# Model Subclassing

Keras provides a mechanism for subclassing `tf.keras.Model`, allowing you to 
elegantly define your own models that can be used with any high level API
call that expects a `Model` object. The code below shows the construction of
a residual style vision network, modeled after Resnet50.
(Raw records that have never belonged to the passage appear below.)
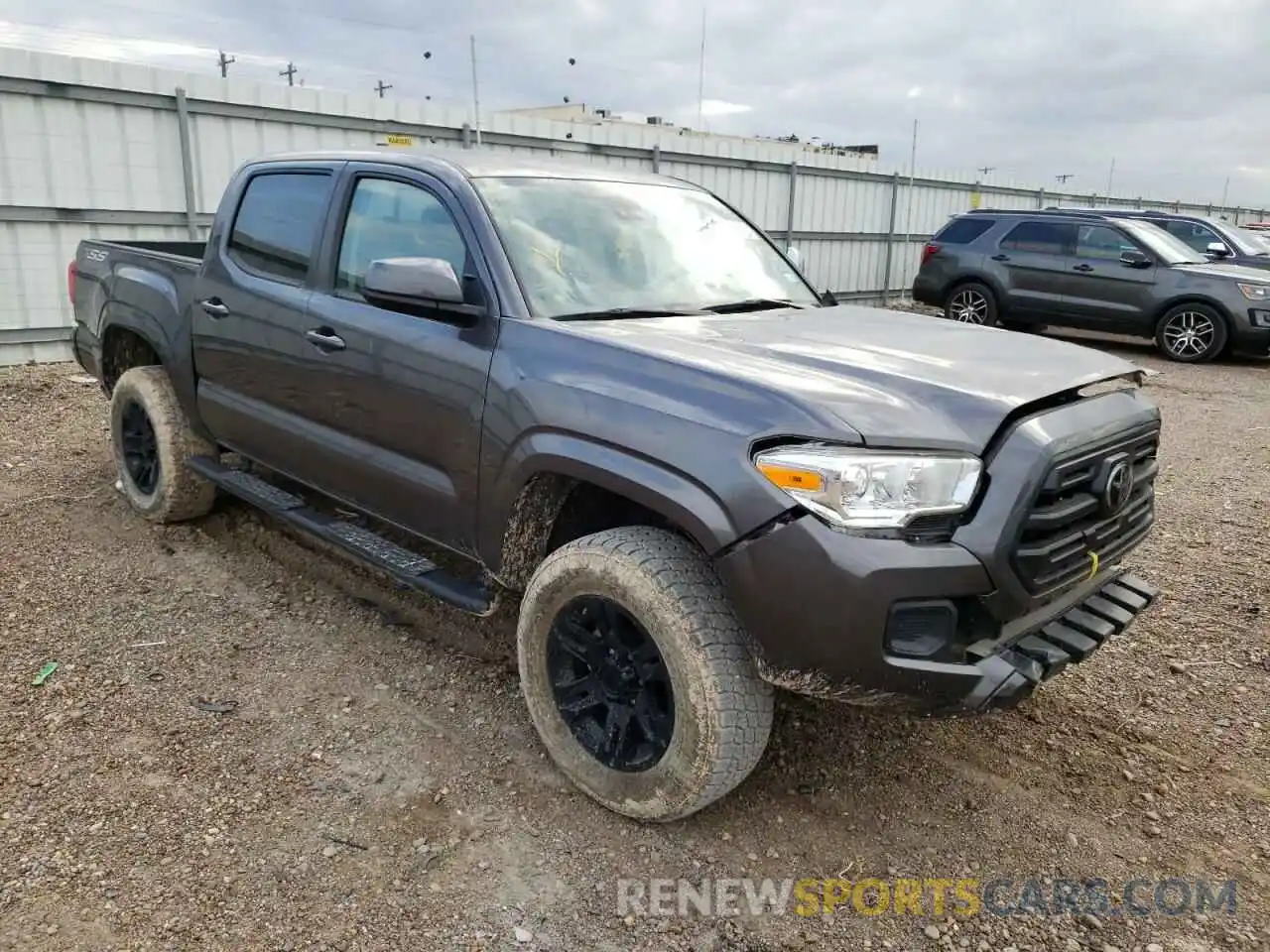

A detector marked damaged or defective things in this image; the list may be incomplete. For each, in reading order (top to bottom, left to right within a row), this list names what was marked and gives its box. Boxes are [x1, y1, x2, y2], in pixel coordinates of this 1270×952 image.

damaged toyota tacoma [71, 149, 1159, 817]
crumpled front bumper [945, 567, 1159, 710]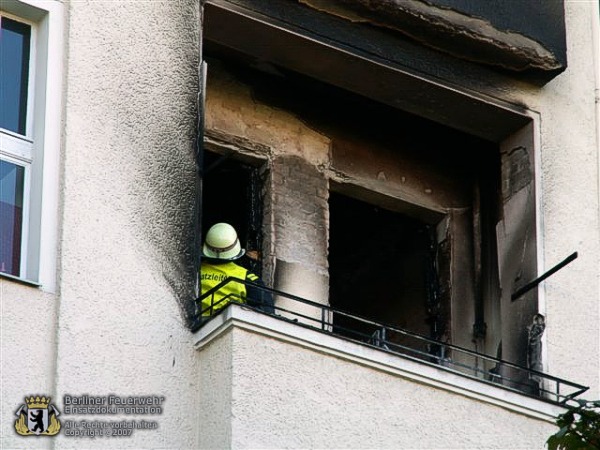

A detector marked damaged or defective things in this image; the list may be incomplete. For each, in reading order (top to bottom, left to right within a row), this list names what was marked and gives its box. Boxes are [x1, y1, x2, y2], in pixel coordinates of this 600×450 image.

burned balcony [195, 276, 588, 406]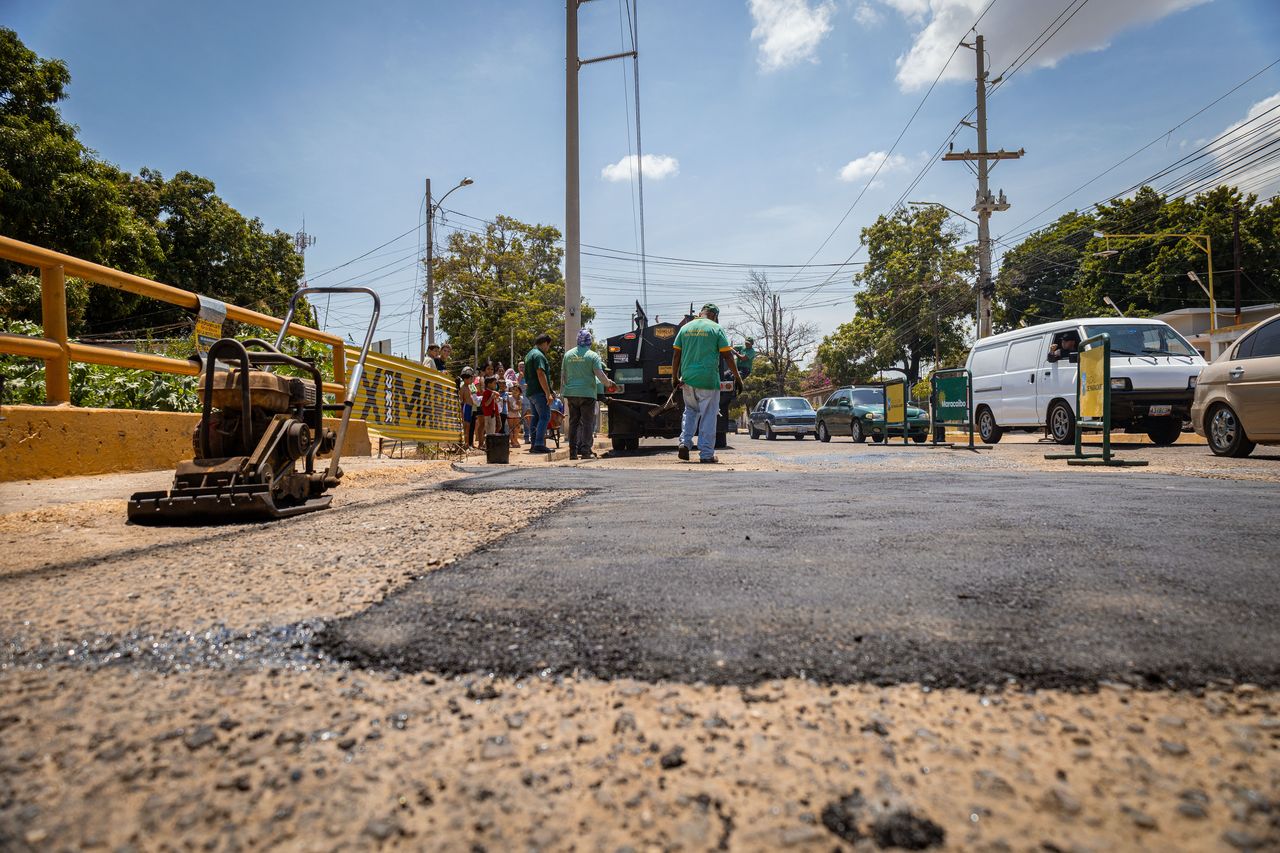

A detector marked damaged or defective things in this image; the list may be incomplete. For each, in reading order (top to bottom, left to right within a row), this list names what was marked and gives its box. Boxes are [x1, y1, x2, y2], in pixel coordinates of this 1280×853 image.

fresh asphalt patch [312, 466, 1280, 692]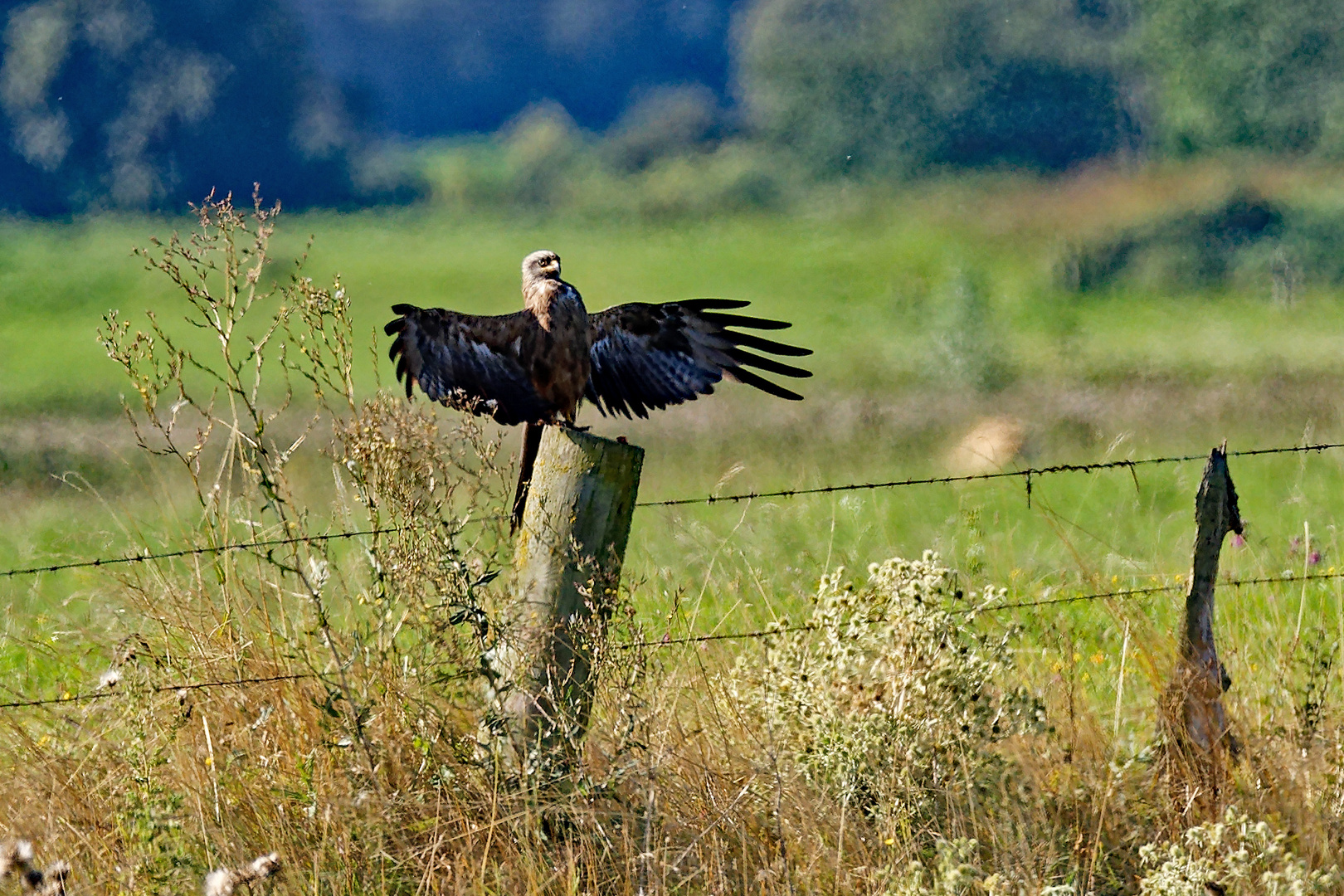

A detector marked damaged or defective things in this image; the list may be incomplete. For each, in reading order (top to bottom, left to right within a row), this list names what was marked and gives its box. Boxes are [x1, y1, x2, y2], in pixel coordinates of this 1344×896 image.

The process of model subclassing follows a pattern:
    1. Define a `class` that inherits from `tf.keras.Model`
    2. Define a `__init__` method that defines the layers to be used in the model
    3. Define a `__call__` method that chains the defined layers together 
    into a flow of information

Note that subclassed models can include other models as part of the computational
flow, allowing for great reuse of fundamental building blocks.

## Tail

As an example, we will begin by constructing a tail consisting of a $7 \times 7 / 2$
convolution and a $3 \times 3 / 2$ max pool. The `__init__` function defines the layers,
and the `__call__` function describes the flow of data through these layers.

In [1]:
import tensorflow as tf
from tensorflow.keras import layers

class Tail(tf.keras.Model):

    def __init__(self, Ni, *args, **kwargs):

        # Call parent constructor with *args, **kwargs
        super(Tail, self).__init__(*args, **kwargs)

        # Convolution
        self.conv = layers.Conv2D(
                filters=Ni,
                kernel_size=(7, 7),
                strides=2,
                use_bias=False,
                name='tail_conv')

        # Batch norm
        self.bn = layers.BatchNormalization(
                name='tail_bn')

        # ReLU
        self.relu = layers.ReLU(name='tail_relu')

        # Max pooling layer
        self.pool = layers.MaxPool2D(
                pool_size=(2, 2),
                strides=2,
                name='tail_pool')

    def call(self, inputs, **kwargs):
        # Residual forward pass
        _ = self.conv(inputs, **kwargs)

        # Must call with **kwargs to receive training state
        _ = self.bn(_, **kwargs)

        _ = self.relu(_, **kwargs)

        return self.pool(_, **kwargs)

## Basic Block

Next we define the fundamental CNN style 2D convolution block
of Resnet, ie batch-norm, relu, convolution.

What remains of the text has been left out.